I had therefore, surprisingly, settled on the Burson, and as a final test, I wondered how similar headphone and speaker listening was between them. I set the main speakers on at the same time as the headphone amplifier at a suitable volume on each that one didn't over-power or intrude on the other. I was stunned. The musical signature of the Audeze and Burson, or the Lexicon/Bryston/Kef combination was practically identical. I kept lifting off and putting on the headphones in almost disbelief that I had replicated what I loved about my speaker set-up on my headphone set-up...but there it was...mission accomplished!

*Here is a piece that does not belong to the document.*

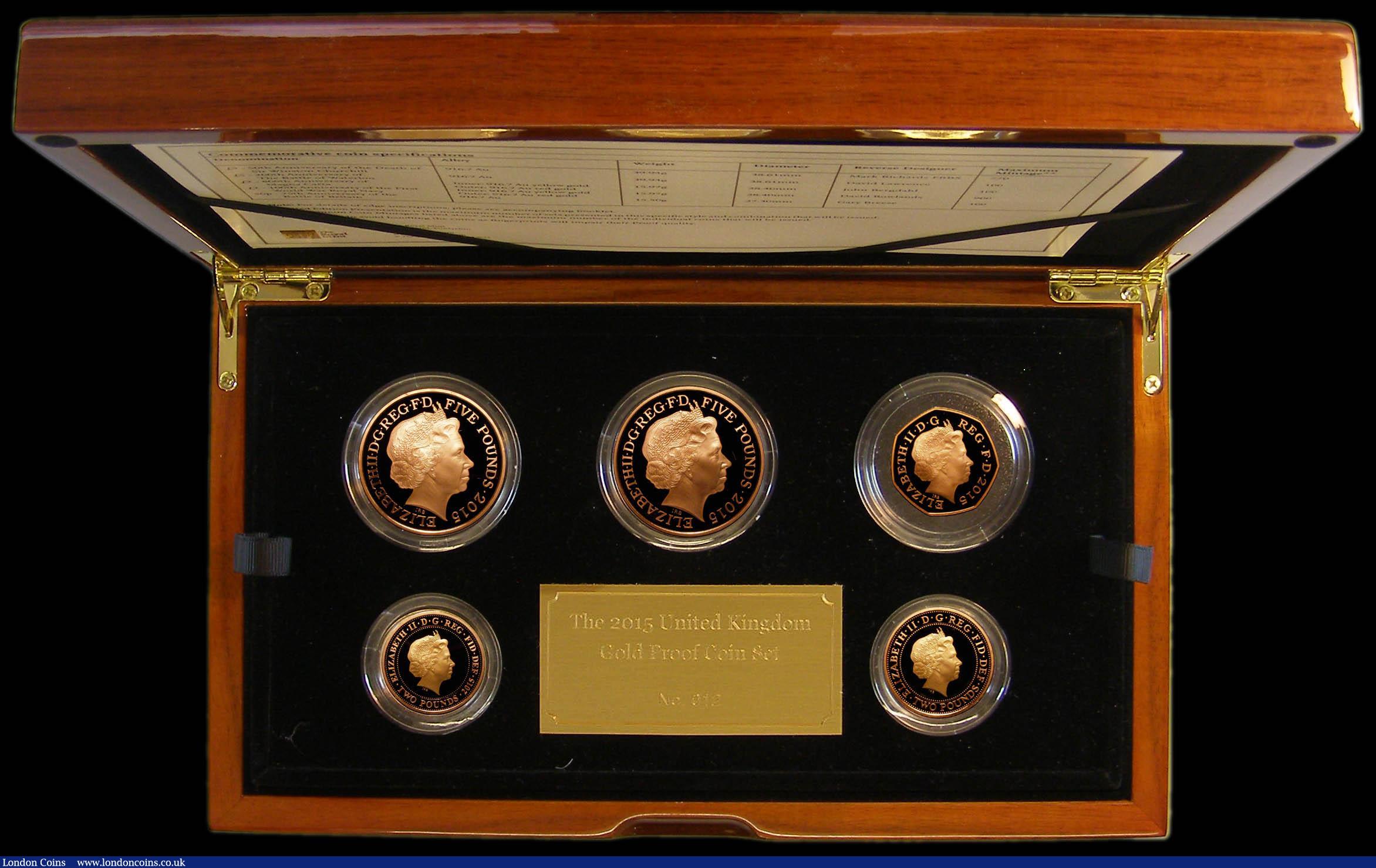 London Coins : A166 : Lot 812 : The 2015 United Kingdom Gold Proof Set an impressive 5-coin set comprising Five Pound Crowns (2) 201...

Item Audio then collected all of the demo equipment and replaced it with a brand new Burson Soloist which has had daily listening ever since. The new Soloist DID need burn-in, but it was only about 6-8 hours before all of what I recalled from the demo model was there. The manual goes out of its way to state that burn-in is required for this unit. I was a bit surprised as I have often been a person who dismissed this concept, but I did notice it with the Burson.
I hope this helps others at least decide models they should audition before purchase and not do , as I almost did, jump straight into the V200 based on reading online. The price of the Soloist (£799) is a bit more than the V200 (£725) but in the same ball-park. While I am sure I would have been very happy with the V200 as well, for my ears, I found one better.